For Palestinians, "The attack was an attack on all of us," said Ahmed Rehab, head of CAIR-Chicago, who noted the spike of hate crimes in the U.S. even before the Hamas attack. "What we have is a Palestinian child murdered by someone radicalized by the environment in which we live right now that casts Palestinians as human animals." He described a boy who loved his family, soccer, basketball, who "paid the price for the atmosphere of hate." At a press conference, Dr. Omar Suleiman echoed him: "What type of hate has to be manufactured in the head of a man for him to stand over a 6-year-old boy and stab him 26 times." So did Wadea's uncle Yousef Hannon, a teacher who's lived here 25 years. "The gentleman heard it. It was in his mind, the only thing he saw," he said. "We are not animals, we are humans. We're not at war (or) bringing war here. We hope nothing like this happens to another child. No Palestinian, no Jewish child. No family should go through this kind of pain.”

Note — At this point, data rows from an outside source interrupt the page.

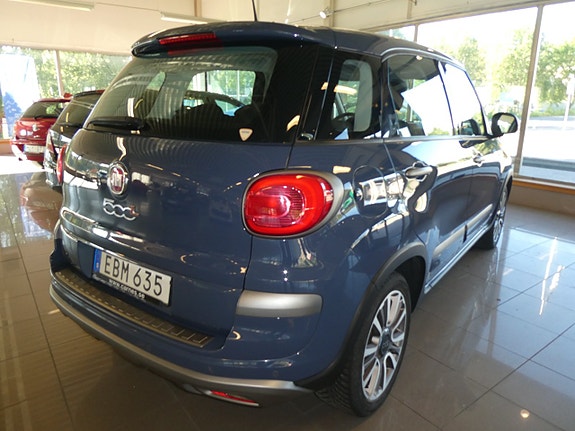Fiat 500L 2 of 5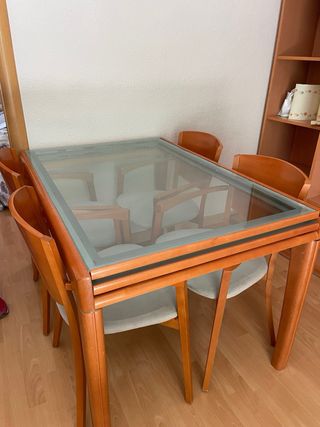 Mesa de comedor de madera y cristal y mueble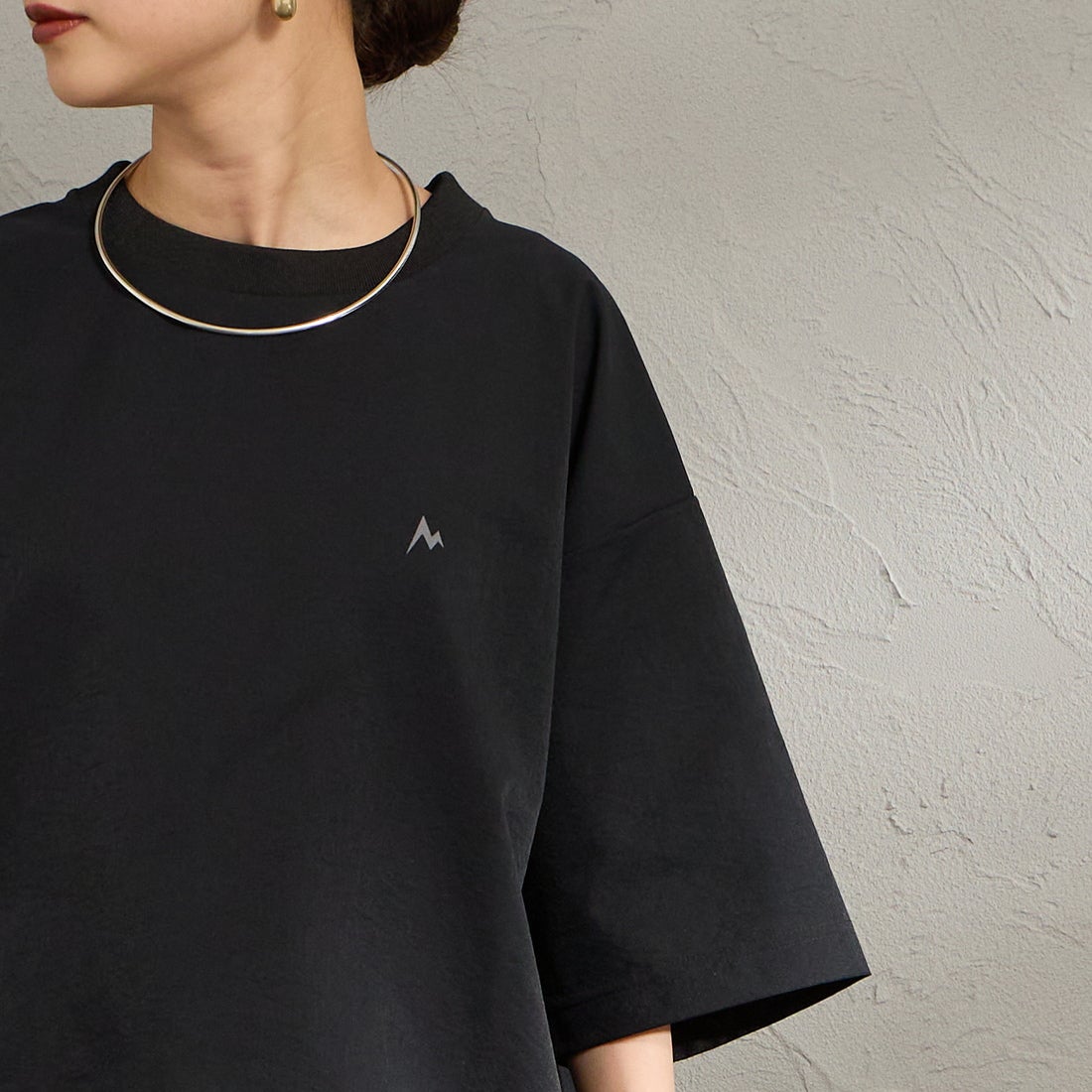 Marmot [マーモット] 別注 Dot Air バックプリント ショートスリーブTシャツ [MTSS26MTP333IN-JF] BLACK &&モデル身長：150cm 着用サイズ：S&&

Wadea's funeral was held Monday at a mosque in Bridgeview, a Chicago suburb home to so many Palestinians it's known as Little Palestine. Mourners filled the mosque, viewed the small white coffin draped in a Palestinian flag - Rehab: "The smallest coffins are the heaviest" - visited a memorial with stuffed animals and said they do not feel safe in America: "He was Muslim, and this is what they did." In the wake of "Israel's 9/11," just like our 9/11, notes Jon Schwarz, the revenge Israel exacts will be hideous: "There is nothing on earth like the fury of the powerful when they believe they have been defied by their inferiors." After a calamitous "war on terror" - born of grief, fear, hubris, forged by "grotesque leaders," triggering up to 5 million deaths - "Have we not learned anything?" asks Imam Omar Suleiman. And what has become of the world, that we are burning, bombing, burying, terrorizing, starving, stabbing small children, and still the blood-letting goes on. Have mercy, indeed.